May 18, 1994|By Adam Sachs | Adam Sachs,Sun Staff Writer

River Hill village homeowners are not only pioneers of Columbia's newest community, but soon their teen-age children will experience the county's newest concept in education.

Daniel Jett, instructional director of Howard County high schools, presented plans for innovative educational programs such as clustering similar subjects in designated wings of River Hill High School at the village association meeting Monday night.

Mr. Jett also discussed the layout of the 1,400-student high school, a $27 million facility being constructed off Route 108 that is scheduled to open in the fall.

"I think you'll like this. It's a beauty," Dr. Jett told the River Hill village board and about 15 residents. "I think it will be an award-winner for the architect, too."

For its first two years, the school will be used largely to house the student body and staff from Wilde Lake High School, which will be demolished next month and rebuilt. The school district will be adjusted once the new Wilde Lake High is ready and the demographics of the developing River Hill village, Columbia's 10th and final community, take shape.

River Hill High will not have traditional departments such as English, science and social studies. Rather, the school will be organized by "clusters" where interrelated fields of study will be centralized. For example, the humanities cluster will house most English and language arts, social studies and foreign language classes and some art and music classes. Another section of the school will house all classes for science, mathematics, technology, computers, home economics and business.

"There is no school like this anywhere," Dr. Jett said. "There's a lot of interest in what this says educationally for the future."

The purpose of clustering is to more fully integrate subjects that have connections so that students won't think of each field as a separate discipline, Dr. Jett said.

A common teacher planning area and technology resource facilities will be provided in each cluster to foster creativity and help educators coordinate instruction.

Village board member Joseph Suter said he is intrigued by the concept, but has some questions about how the school's curriculum will be developed.

"My education was in Europe. I'm really old-fashioned when it comes to classes," said Mr. Suter, who attended school in the Netherlands. "I think it's very exciting. I'm not familiar with the approach, but I have to keep an open mind."

Freshmen will have their own section where they will take most courses to help them make the transition from middle school to high school. Dr. Jett said ninth-graders traditionally haven't received the attention they need. Parents generally spend an anxious summer when their children are about to enter ninth grade, he said.

"Our view is that the youngsters are not much different in September than in June. But as a school, we tend to have expectations beyond that," Dr.

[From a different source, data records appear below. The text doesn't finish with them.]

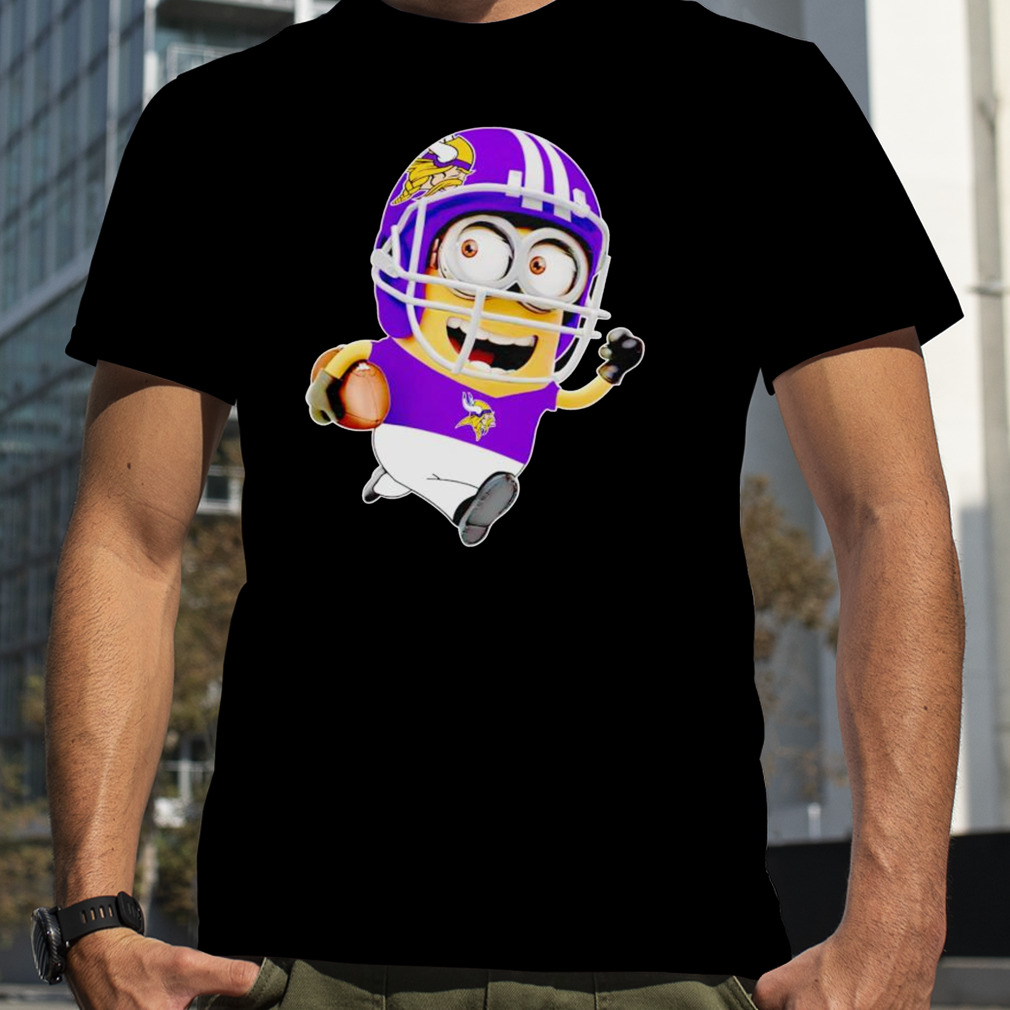 Minnesota Vikings Minion shirt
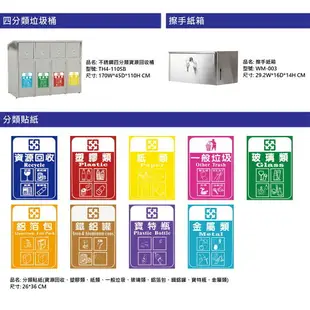 專業經營 勇氣盒子不鏽鋼垃圾桶 TH-94S 資源回收 環保 室外 煙灰缸 垃圾分類桶 回收桶 清潔箱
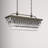 4 - Light Dimmable Tiered Chandelier
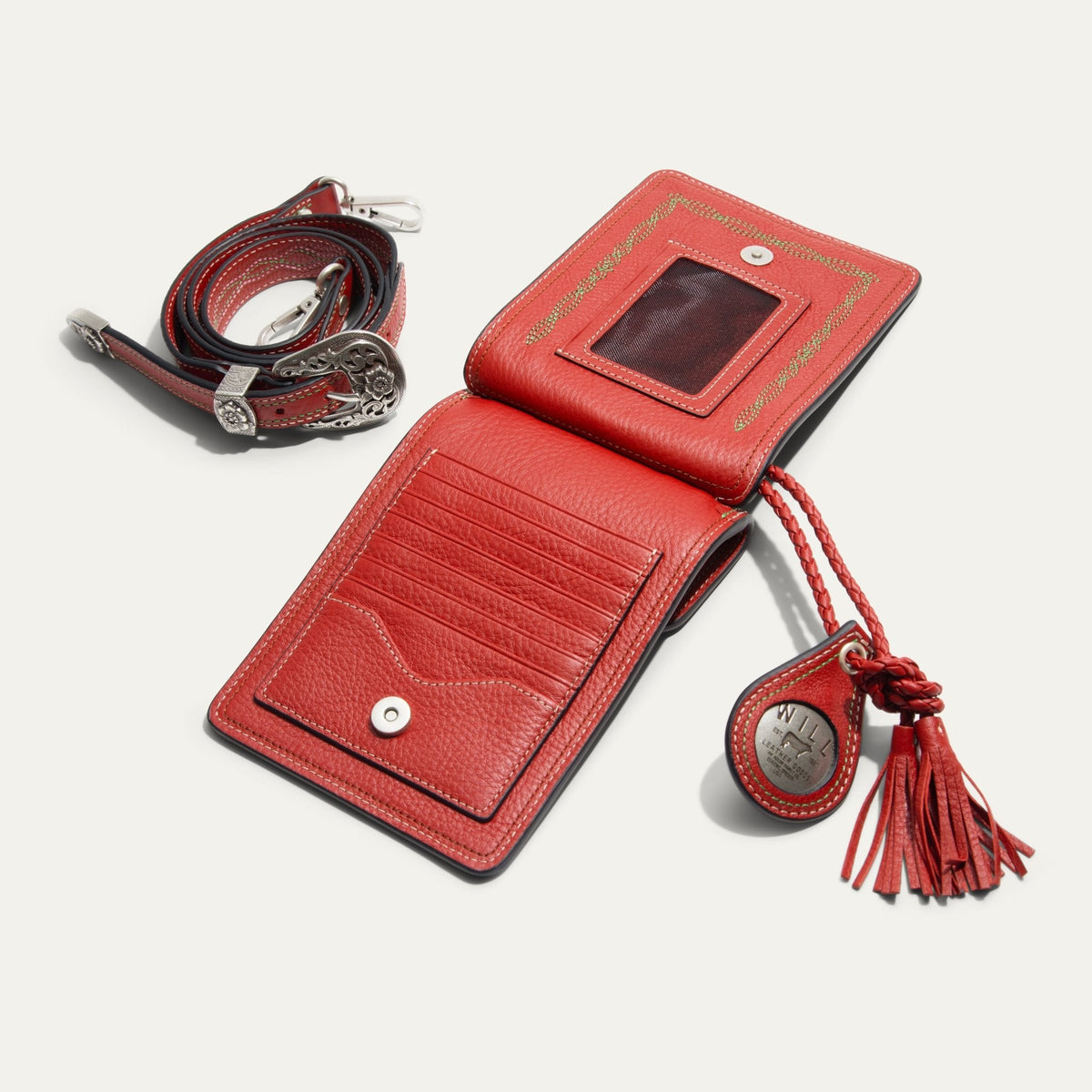 Will Leather Goods Lasso Phone Crossbody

Jett said.

River Hill High will provide a transition "in a measured, caring way," he said.

The high school, which is being built next to Clarksville Elementary School on 50 acres donated by the Rouse Co., Columbia's developer, will be a 232,000-square-foot, two-story building with an auditorium seating 750, a smaller adjoining theater and stadium built into a bowl-shaped depression by Route 108.

"It's going to be a beautiful school," said Mr. Suter, a scientist at the Johns Hopkins Applied Physics Laboratory. "I like the layout very much. My wife and I are active in the performing arts. I think this auditorium will be very nice for us and will greatly benefit the community."

The school also will have a 300-seat "technology magnet program" that will draw students from throughout school districts west of Route 29. Students in the program could take technical courses and work with professionals and educators in selected fields to help prepare for employment, technical school or community college or for a four-year degree in math, science or engineering.

River Hill High and a new Eastern High School, which is scheduled to open in 1996, will be the county's ninth and 10th high schools. Dr. Jett said school administrators expect an increase of 4,000 high school students in the system over the next five years.